Il suo amatissimo genero, che è un valente e accreditato attore di prosa e risponde al nome di Gianluigi Fogacci, l’ha salutata dalle pagine facebook come la suocera “più pazza e simpatica che si possa sperare di avere”. E gli attori di stanza al teatro Valle, che Veronica coccolava come una mamma (“se qualcuno vuole fare una doccia metto a disposizione casa”), ricordano le sue pietanze salvifiche cucinate in pentoloni giganti. “Non si perdeva uno spettacolo di Gianluigi, ma preferiva frequentare il teatro off, e cucinava divinamente. Piatti ispirati alla tradizione ungherese e il filetto all’estragon, cotto in olio bollente a fiamma altissima”.
Ci fa piacere raccontare anche questo, insieme alla sua ‘militanza’ culturale e al suo impegno a diffondere la cultura e il cinema italiano in Romania.
Insieme alla passione per il gioco delle carte, condivisa con le amiche, e al suo amore smisurato per il mare, di fronte al quale la sua anima irrequieta trovava conforto.
“Alternava momenti di grande socialità a momenti di preoccupante solitudine – dice ancora Alessandra – ma della morte non aveva paura”.

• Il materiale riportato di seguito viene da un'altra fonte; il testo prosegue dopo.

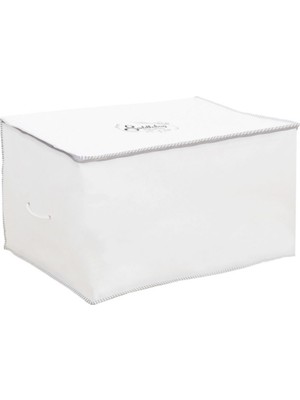 About The Perfect Beyaz Sandık Tipi Yastık Yorgan Hurcu 75X45X45, Konfor ve Şıklık Sunar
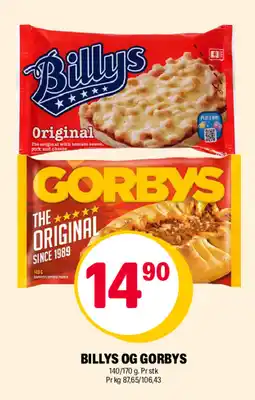 Coop Extra Billys og gorbys tilbud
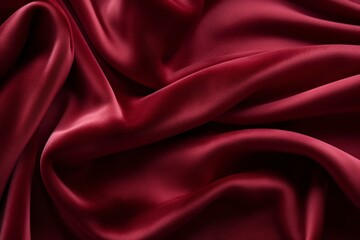 Obraz premium A close-up shot of a rich, velvet textile texture in deep burgundy, showcasing its luxurious softness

E al suo funerale ha voluto che Maddalena, l’adorata nipote diciottenne, musicista in carriera, suonasse al violino il tema di Schindler’s list tra gli alberi del cimitero ebraico di Prima Porta.
Alessandra annuncia che il fratello Leonardo, regista di documentari e di cinema, già autore di Adolfo Celi, un uomo per due culture, dedicato al padre, ha in serbo un lavoro dedicato a Veronica. Chissà, una donna per un milione di vite.